#### Material supplied ####

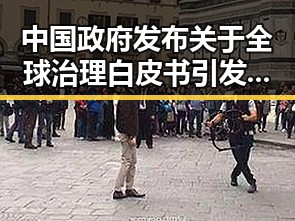 中国政府发布关于全球治理白皮书引发行业“挂靠费”争议警方提示专业技术证书风险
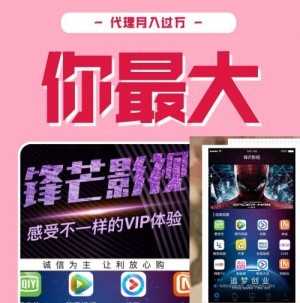 鋒芒影視 16種影視APP 一手貨源 全網(wǎng)最低價 日賺上千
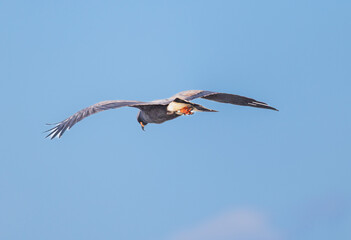 A Snail Kite in flight at the Stick Marsh in Florida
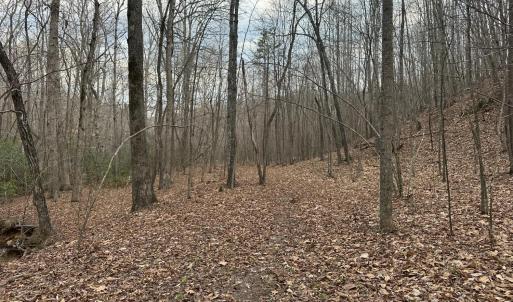 Photo #8 of Christian Mill Creek Rd Road, Amherst, VA 48.0 acres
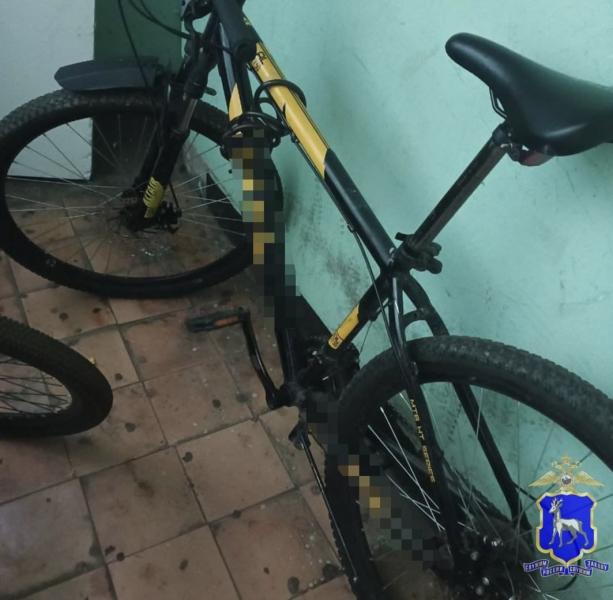 В Тольятти по фотографии нашли украденный велосипед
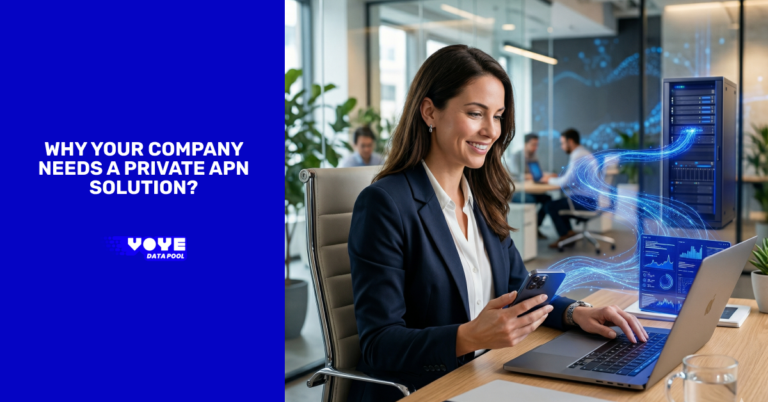 Why Your Company Needs a Private APN Solution?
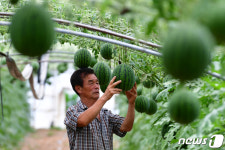 자식 같은 애플 수박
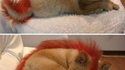 Firefox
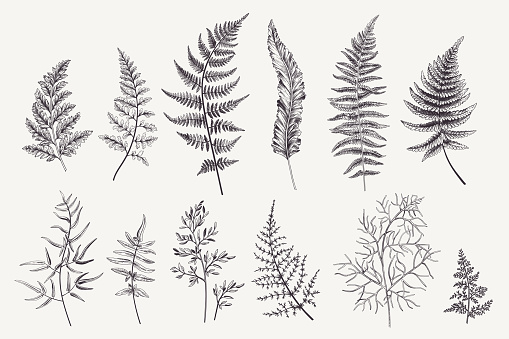 Set with fern leaves. Vector botanical illustration. Black and white.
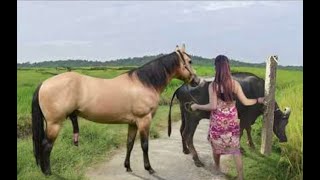 My sister training care her lovely horse in beginner 2021 [upl. by Monty]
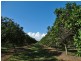 Lot 10 Freshwater Court, Deepwater QLD 4674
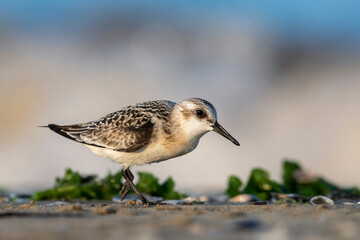 The sanderling (Calidris alba) small wading bird.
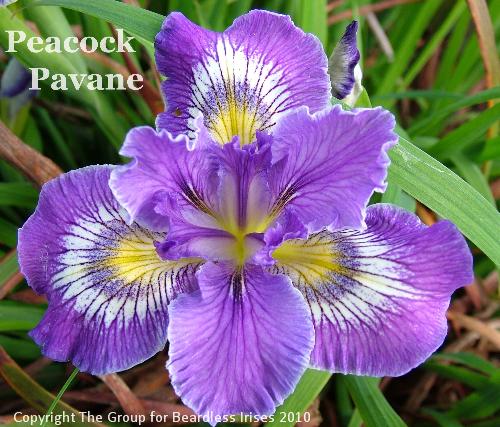 Peacock Pavane (2)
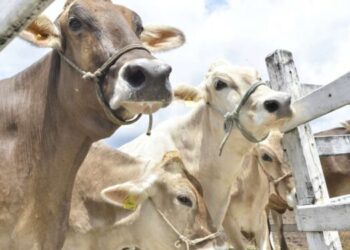 Aracati atinge 100% de vacinação contra a febre aftosa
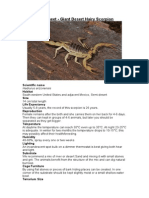 Care Sheet - Giant Desert Hairy Scorpion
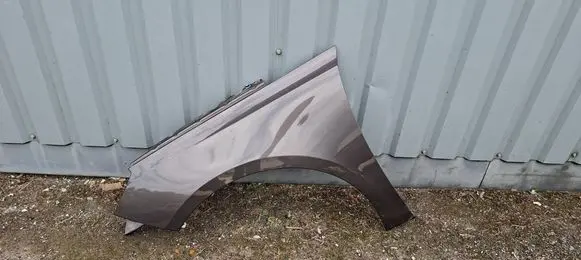 Peugeot 308 Fender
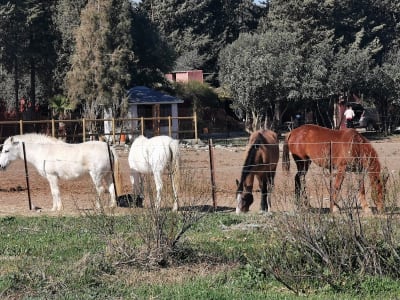 Finca El Álamo - hipica in Alcalá de los Gazules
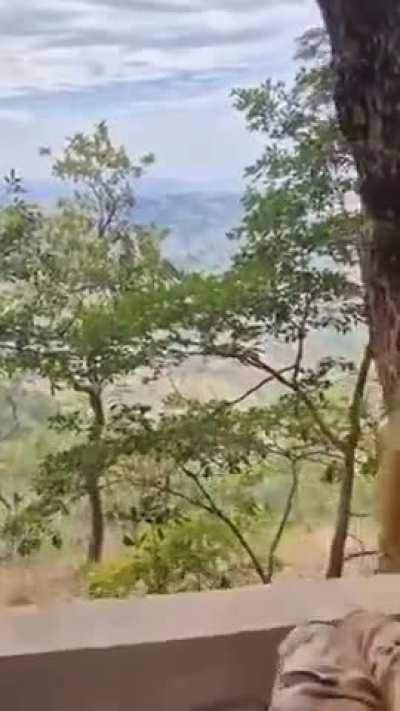   Nada como el paisaje del campo...🤣🤣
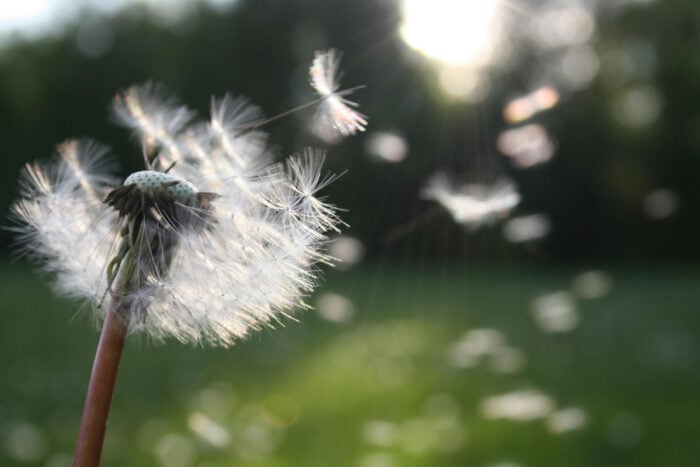 Graines de pissenlit qui s'envolent pour illustrer un pic pollinique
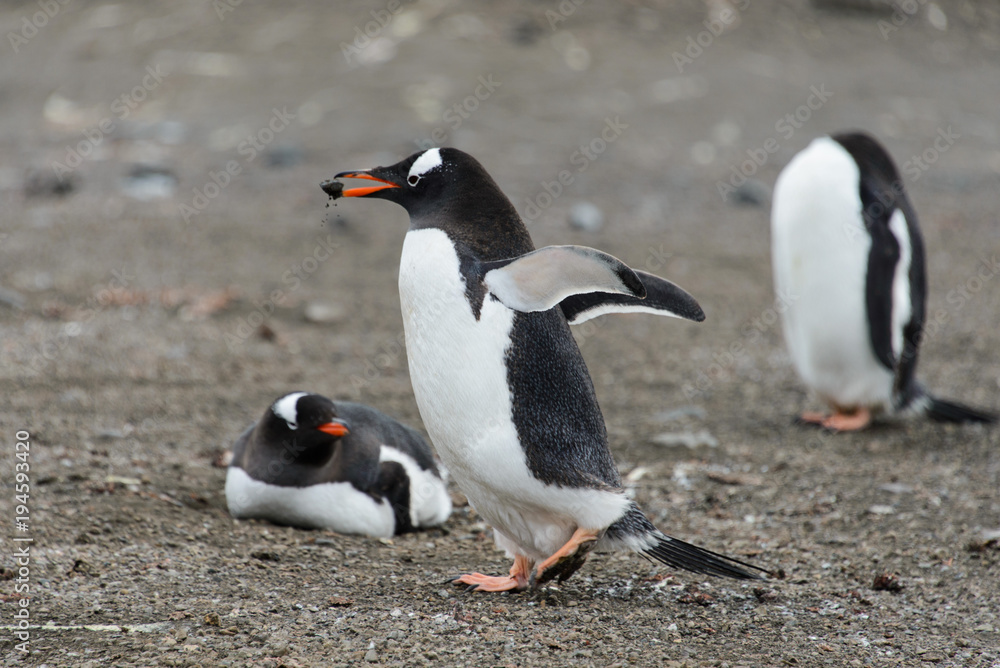 Obraz premium Gentoo penguin going with stone in beak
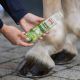 Olej do kopyt Zedan "Natural Hoof Care Oil" 200 ml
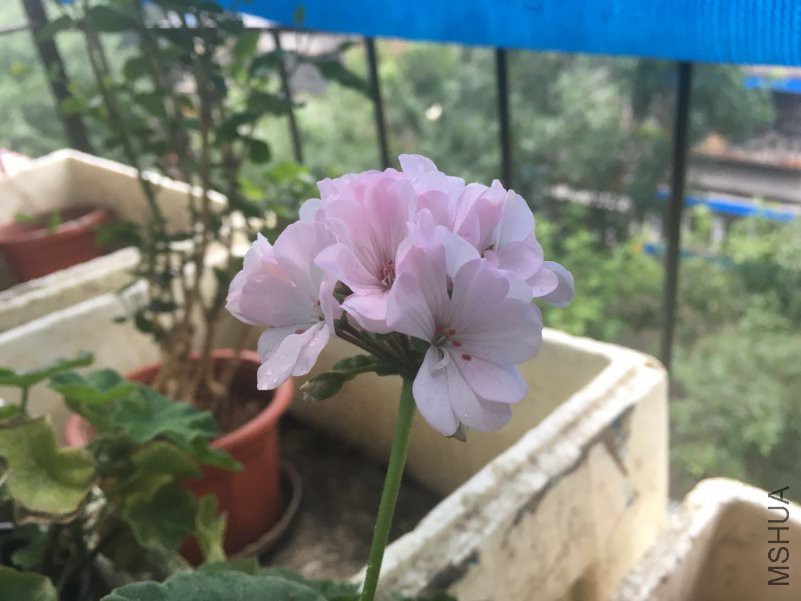 ΢��ͼƬ_20180714171745.jpg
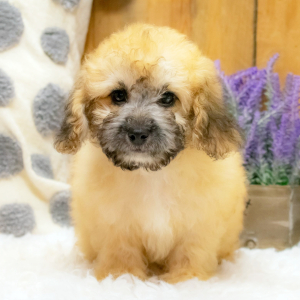 Shihpoo Puppy Ralph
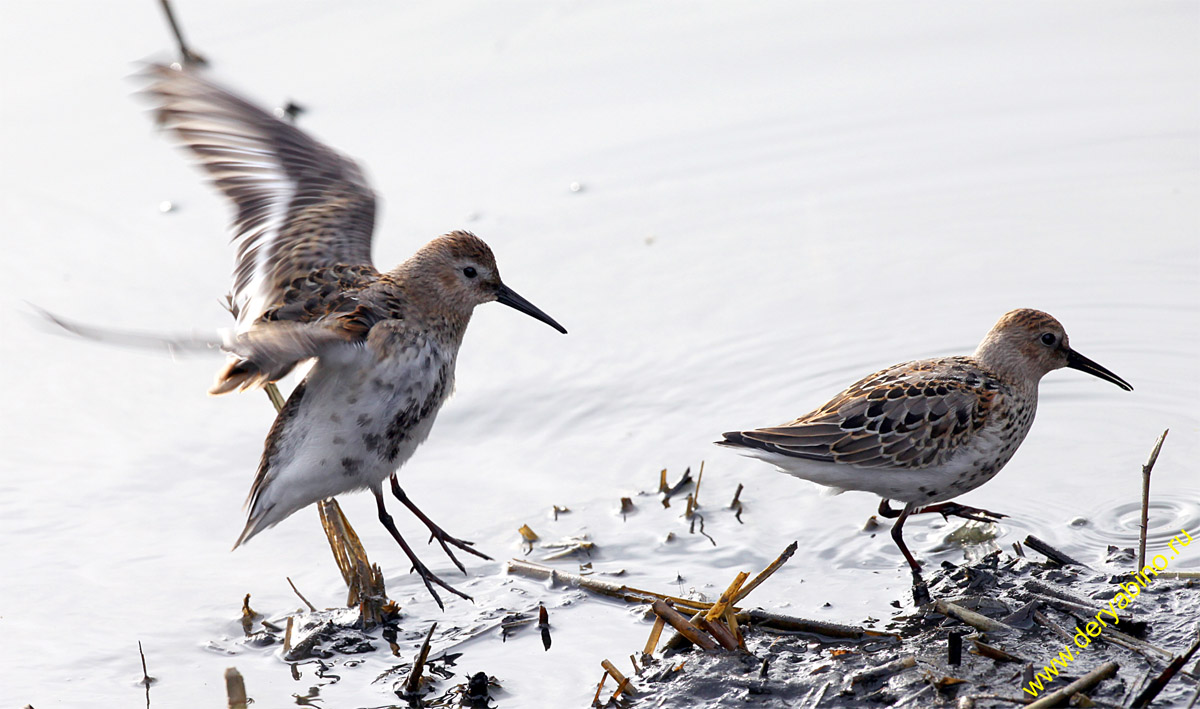  Calidris alpina Dunlin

####

Please copy out each line above exactly as written, but not the pictures.

 中国政府发布关于全球治理白皮书引发行业“挂靠费”争议警方提示专业技术证书风险
 鋒芒影視 16種影視APP 一手貨源 全網(wǎng)最低價 日賺上千
 A Snail Kite in flight at the Stick Marsh in Florida
 Photo #8 of Christian Mill Creek Rd Road, Amherst, VA 48.0 acres
 В Тольятти по фотографии нашли украденный велосипед
 Why Your Company Needs a Private APN Solution?
 자식 같은 애플 수박
 Firefox
 Set with fern leaves. Vector botanical illustration. Black and white.
 My sister training care her lovely horse in beginner 2021 [upl. by Monty]
 Lot 10 Freshwater Court, Deepwater QLD 4674
 The sanderling (Calidris alba) small wading bird.
 Peacock Pavane (2)
 Aracati atinge 100% de vacinação contra a febre aftosa
 Care Sheet - Giant Desert Hairy Scorpion
 Peugeot 308 Fender
 Finca El Álamo - hipica in Alcalá de los Gazules
   Nada como el paisaje del campo...🤣🤣
 Graines de pissenlit qui s'envolent pour illustrer un pic pollinique
 Obraz premium Gentoo penguin going with stone in beak
 Olej do kopyt Zedan "Natural Hoof Care Oil" 200 ml
 ΢��ͼƬ_20180714171745.jpg
 Shihpoo Puppy Ralph
  Calidris alpina Dunlin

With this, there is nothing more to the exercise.